The Task of Reconciliation (Dec 25)

What is our task in this world as children of God and brothers and sisters of Jesus? Our task is reconciliation. Wherever we go we see divisions among people - in families, communities, cities, countries, and continents. All these divisions are tragic reflections of our separation from God. The truth that all people belong together as members of one family under God is seldom visible. Our sacred task is to reveal that truth in the reality of everyday life.

Why is that our task? Because God sent Jesus to reconcile us with God and to give us the task of reconciling people with one another. As people reconcile with God through Jesus we have been given the ministry of reconciliation (2 Corinthians 5:18). So whatever we do the main question is, “Does it lead to reconciliation among people?”


Claiming our Reconciliation (Dec 26)

How do we work for reconciliation? First and foremost by claiming for ourselves that God through Christ has reconciled us to God. It is not enough to believe this with our heads. We have to let the truth of this reconciliation permeate every part of our beings. As long as we are not fully and thoroughly convinced that we have been reconciled with God, that we are forgiven, that we have received new hearts, new spirits, new eyes to see, and new ears to hear, we continue to create divisions among people because we expect from them a healing power they do not possess.
Only when we fully trust that we belong to God and can find in our relationship with God all that we need for our minds, hearts, and souls can we be truly free in this world and be ministers of reconciliation. This is not easy, we readily fall back into self-doubts and self-rejection. We need to be constantly reminded through God’s Word, the sacraments, and the love of our neighbors that we are indeed reconciled.


A Nonjudgmental Presence (Dec 27)

To the degree that we accept that through Christ we ourselves have been reconciled with God we can be messengers of reconciliation for others.
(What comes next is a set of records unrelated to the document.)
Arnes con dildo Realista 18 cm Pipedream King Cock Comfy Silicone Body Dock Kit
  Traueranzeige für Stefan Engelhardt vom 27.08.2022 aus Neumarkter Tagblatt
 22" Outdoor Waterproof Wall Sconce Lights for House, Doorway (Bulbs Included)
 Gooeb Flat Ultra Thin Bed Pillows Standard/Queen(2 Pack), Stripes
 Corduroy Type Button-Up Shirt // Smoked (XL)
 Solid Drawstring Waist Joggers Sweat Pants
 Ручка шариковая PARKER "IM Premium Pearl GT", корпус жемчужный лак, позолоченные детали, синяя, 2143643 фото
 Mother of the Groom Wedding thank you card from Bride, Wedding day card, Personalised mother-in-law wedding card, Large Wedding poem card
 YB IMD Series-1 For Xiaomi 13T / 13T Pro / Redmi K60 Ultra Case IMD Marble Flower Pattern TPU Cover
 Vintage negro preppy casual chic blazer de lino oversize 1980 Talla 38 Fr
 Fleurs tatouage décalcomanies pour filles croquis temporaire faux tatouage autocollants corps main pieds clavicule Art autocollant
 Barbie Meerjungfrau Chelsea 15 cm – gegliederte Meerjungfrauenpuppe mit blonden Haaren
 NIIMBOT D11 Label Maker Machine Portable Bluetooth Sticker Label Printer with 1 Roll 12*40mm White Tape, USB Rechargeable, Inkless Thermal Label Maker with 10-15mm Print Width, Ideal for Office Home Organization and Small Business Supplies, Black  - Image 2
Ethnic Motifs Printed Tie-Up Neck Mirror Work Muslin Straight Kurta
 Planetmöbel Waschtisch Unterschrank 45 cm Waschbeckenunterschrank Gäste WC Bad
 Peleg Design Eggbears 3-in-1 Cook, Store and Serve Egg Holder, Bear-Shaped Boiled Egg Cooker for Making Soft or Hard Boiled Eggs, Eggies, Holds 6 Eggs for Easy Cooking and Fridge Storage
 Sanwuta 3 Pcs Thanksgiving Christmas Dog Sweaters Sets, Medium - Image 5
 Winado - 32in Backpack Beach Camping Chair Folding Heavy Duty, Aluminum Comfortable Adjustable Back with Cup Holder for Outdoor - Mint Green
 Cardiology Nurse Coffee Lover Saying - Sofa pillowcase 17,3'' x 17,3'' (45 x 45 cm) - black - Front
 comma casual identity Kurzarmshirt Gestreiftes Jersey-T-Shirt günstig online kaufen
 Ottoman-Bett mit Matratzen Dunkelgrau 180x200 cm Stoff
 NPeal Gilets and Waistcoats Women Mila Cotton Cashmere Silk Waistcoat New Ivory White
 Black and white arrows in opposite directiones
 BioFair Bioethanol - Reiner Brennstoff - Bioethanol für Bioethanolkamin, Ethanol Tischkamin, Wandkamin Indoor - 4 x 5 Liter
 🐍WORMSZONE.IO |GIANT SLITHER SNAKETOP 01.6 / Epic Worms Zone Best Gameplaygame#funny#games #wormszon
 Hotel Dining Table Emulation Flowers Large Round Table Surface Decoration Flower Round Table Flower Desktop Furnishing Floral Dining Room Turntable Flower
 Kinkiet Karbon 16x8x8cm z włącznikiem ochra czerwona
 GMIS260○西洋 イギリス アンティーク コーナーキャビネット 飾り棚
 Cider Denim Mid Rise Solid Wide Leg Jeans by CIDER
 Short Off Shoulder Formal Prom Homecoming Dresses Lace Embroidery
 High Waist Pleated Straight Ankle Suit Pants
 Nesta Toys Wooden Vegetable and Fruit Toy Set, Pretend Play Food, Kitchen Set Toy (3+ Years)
Essential to the work of reconciliation is a nonjudgmental presence. We are not sent to the world to judge, to condemn, to evaluate, to classify, or to label. When we walk around as if we have to make up our minds about people and tell them what is wrong with them and how they should change, we only create more division. Jesus says it clearly, “Be compassionate just as your Father is compassionate. Do not judge. . . do not condemn . . .forgive.”(Luke 6:36-37)

In a world that constantly asks us to make up our minds about other people, a nonjudgmental presence seems nearly impossible. But it is one of the most beautiful fruits of a deep spiritual life and will be easily recognized by those who long for reconciliation.


A Ministry that Never Ends (Dec 29)

Reconciliation is much more than a one-time event by which a conflict is resolved and peace established. A ministry of reconciliation goes far beyond problem solving, mediation, and peace agreements. There is not a moment in our lives without the need for reconciliation. When we dare to look at the myriad hostile feelings and thoughts in our hearts and minds, we will immediately recognize the many little and big wars in which we take part. Our enemy can be a parent, a child, a “friendly” neighbor, people with different lifestyles, people who do not think as we think, speak as we speak, or act as we act. They all can become “them.” Right there is where reconciliation is needed.

Reconciliation touches the most hidden parts of our souls. God gave reconciliation to us as a ministry that never ends.


Welcoming Home (July 3)

How do we welcome home our lost brothers and sisters? By running out to them, embracing them, and kissing them. By clothing them with the best clothes we have and making them our honored guests. By offering them the best food and inviting friends and family for a party. And, most important of all, by not asking for excuses or explanations, only showing our immense joy that they are with us again (Luke 15:20-24).

That is being perfect as our heavenly Father is perfect. It is forgiving from the heart without a trace of self-righteousness, recrimination, or even curiosity. The past is wiped out. What counts is the here and now, where all that fills our hearts is gratitude for the homecoming of our brothers and sisters.